The subagent problem is really hard

A putative new idea for AI control; index here.

The first step to solving a problem is to define it. The first first step is to realise how tricky it is to define. This is a stub on a difficult problem.

Subagents and turning AIs off

One of the hardest things with designing safe AIs, is turning them off. Installing an OFF button is trivial; motivating them to let you push it can be done. No, the real problem is the subagent problem. The AI can create one or many subagents to carry out their task; once that’s done, turning off the original AI is of little value, we have to control or extinguish the subagents.

A general problem

Subagents are a problem for many other control ideas. For example, if you want to program ‘achieve X using only this many computer cycles’, then ‘create a subagent that wants to achieve X without the computer cycle restrictions’ is one way of doing it (as long as that can be done within the restrictions). The same goes for energy use and other restrictions. Satisficers can satisfice by creating a maximiser. A boxed Oracle can remain in the box while cheerfully plotting to create an unboxed copy of itself. In fact, whatever the AI’s motivation, “create subagents with the same motivation” is almost always a good idea. And, once created, there is no motivation to want to shut them down. Even if the AI is motivated to shut itself down, there is no reason for it to extend this to subagents.
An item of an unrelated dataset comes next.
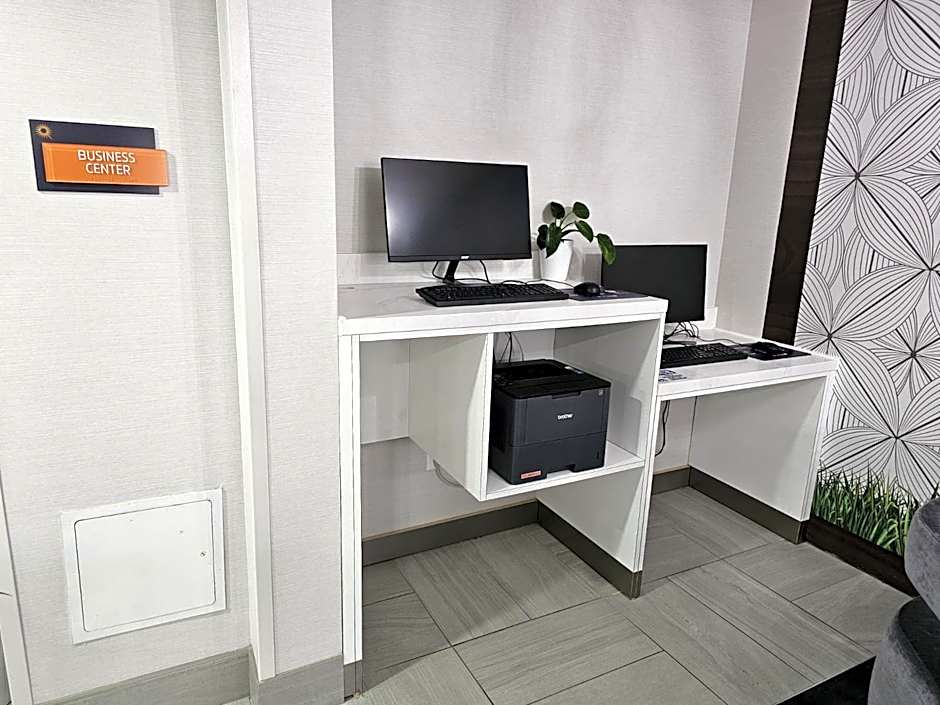 La Quinta Inn & Suites by Wyndham Deerfield Beach I-95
Pre-corriged agents would at least be motivated to keep control of their subagents (unlike corrigible agents, who have no current desire to create subagents that would obey their future preferences).

What is a subagent?

It’s also almost impossible to define a subagent. Is a corporation a subagent? Is a thousand pieces of code that reside on different computers and occasionally communicate a subagent? Is an employee or a seduced human a subagent? A pile of rocks with water running through could be a piece of conceptual art—or a slow computer. How about a virulent meme among the human population, making us all into its subagents?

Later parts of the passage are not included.